• **DATA RECORDS**:
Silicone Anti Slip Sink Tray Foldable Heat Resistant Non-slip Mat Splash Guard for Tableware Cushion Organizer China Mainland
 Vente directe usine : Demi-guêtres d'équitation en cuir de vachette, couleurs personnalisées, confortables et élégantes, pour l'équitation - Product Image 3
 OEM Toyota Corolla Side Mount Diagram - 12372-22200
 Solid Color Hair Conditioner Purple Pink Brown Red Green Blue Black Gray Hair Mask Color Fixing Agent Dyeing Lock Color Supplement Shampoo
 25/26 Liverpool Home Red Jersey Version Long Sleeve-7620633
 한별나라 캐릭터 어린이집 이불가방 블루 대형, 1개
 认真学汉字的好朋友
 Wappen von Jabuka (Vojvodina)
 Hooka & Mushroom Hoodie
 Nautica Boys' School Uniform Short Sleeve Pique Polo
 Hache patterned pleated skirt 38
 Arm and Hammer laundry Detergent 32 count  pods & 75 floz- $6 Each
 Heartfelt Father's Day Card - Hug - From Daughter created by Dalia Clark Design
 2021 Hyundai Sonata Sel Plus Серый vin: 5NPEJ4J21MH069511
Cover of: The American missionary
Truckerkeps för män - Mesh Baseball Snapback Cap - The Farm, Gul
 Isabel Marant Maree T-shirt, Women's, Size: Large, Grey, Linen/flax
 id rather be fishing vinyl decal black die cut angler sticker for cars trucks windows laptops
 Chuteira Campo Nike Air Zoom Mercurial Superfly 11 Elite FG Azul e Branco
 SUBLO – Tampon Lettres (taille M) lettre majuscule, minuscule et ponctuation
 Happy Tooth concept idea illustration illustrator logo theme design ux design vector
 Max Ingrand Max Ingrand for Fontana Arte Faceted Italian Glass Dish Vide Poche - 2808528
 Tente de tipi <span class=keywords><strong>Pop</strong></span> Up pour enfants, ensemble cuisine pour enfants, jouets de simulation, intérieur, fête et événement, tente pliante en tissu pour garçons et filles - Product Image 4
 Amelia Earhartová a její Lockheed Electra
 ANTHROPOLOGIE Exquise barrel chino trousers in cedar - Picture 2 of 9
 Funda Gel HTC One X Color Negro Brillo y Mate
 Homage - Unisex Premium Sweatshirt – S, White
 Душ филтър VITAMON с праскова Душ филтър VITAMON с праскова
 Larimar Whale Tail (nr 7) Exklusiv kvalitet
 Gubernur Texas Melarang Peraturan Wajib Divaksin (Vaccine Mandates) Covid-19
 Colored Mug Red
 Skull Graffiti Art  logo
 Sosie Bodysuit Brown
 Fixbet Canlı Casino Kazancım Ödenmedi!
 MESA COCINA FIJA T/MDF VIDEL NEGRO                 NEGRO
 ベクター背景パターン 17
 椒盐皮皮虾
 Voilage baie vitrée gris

• **PROBLEM TO SOLVE**:
Give each line of the records above again, unchanged.

• **TASK SOLUTION**:
Silicone Anti Slip Sink Tray Foldable Heat Resistant Non-slip Mat Splash Guard for Tableware Cushion Organizer China Mainland
 Vente directe usine : Demi-guêtres d'équitation en cuir de vachette, couleurs personnalisées, confortables et élégantes, pour l'équitation - Product Image 3
 OEM Toyota Corolla Side Mount Diagram - 12372-22200
 Solid Color Hair Conditioner Purple Pink Brown Red Green Blue Black Gray Hair Mask Color Fixing Agent Dyeing Lock Color Supplement Shampoo
 25/26 Liverpool Home Red Jersey Version Long Sleeve-7620633
 한별나라 캐릭터 어린이집 이불가방 블루 대형, 1개
 认真学汉字的好朋友
 Wappen von Jabuka (Vojvodina)
 Hooka & Mushroom Hoodie
 Nautica Boys' School Uniform Short Sleeve Pique Polo
 Hache patterned pleated skirt 38
 Arm and Hammer laundry Detergent 32 count  pods & 75 floz- $6 Each
 Heartfelt Father's Day Card - Hug - From Daughter created by Dalia Clark Design
 2021 Hyundai Sonata Sel Plus Серый vin: 5NPEJ4J21MH069511
Cover of: The American missionary
Truckerkeps för män - Mesh Baseball Snapback Cap - The Farm, Gul
 Isabel Marant Maree T-shirt, Women's, Size: Large, Grey, Linen/flax
 id rather be fishing vinyl decal black die cut angler sticker for cars trucks windows laptops
 Chuteira Campo Nike Air Zoom Mercurial Superfly 11 Elite FG Azul e Branco
 SUBLO – Tampon Lettres (taille M) lettre majuscule, minuscule et ponctuation
 Happy Tooth concept idea illustration illustrator logo theme design ux design vector
 Max Ingrand Max Ingrand for Fontana Arte Faceted Italian Glass Dish Vide Poche - 2808528
 Tente de tipi <span class=keywords><strong>Pop</strong></span> Up pour enfants, ensemble cuisine pour enfants, jouets de simulation, intérieur, fête et événement, tente pliante en tissu pour garçons et filles - Product Image 4
 Amelia Earhartová a její Lockheed Electra
 ANTHROPOLOGIE Exquise barrel chino trousers in cedar - Picture 2 of 9
 Funda Gel HTC One X Color Negro Brillo y Mate
 Homage - Unisex Premium Sweatshirt – S, White
 Душ филтър VITAMON с праскова Душ филтър VITAMON с праскова
 Larimar Whale Tail (nr 7) Exklusiv kvalitet
 Gubernur Texas Melarang Peraturan Wajib Divaksin (Vaccine Mandates) Covid-19
 Colored Mug Red
 Skull Graffiti Art  logo
 Sosie Bodysuit Brown
 Fixbet Canlı Casino Kazancım Ödenmedi!
 MESA COCINA FIJA T/MDF VIDEL NEGRO                 NEGRO
 ベクター背景パターン 17
 椒盐皮皮虾
 Voilage baie vitrée gris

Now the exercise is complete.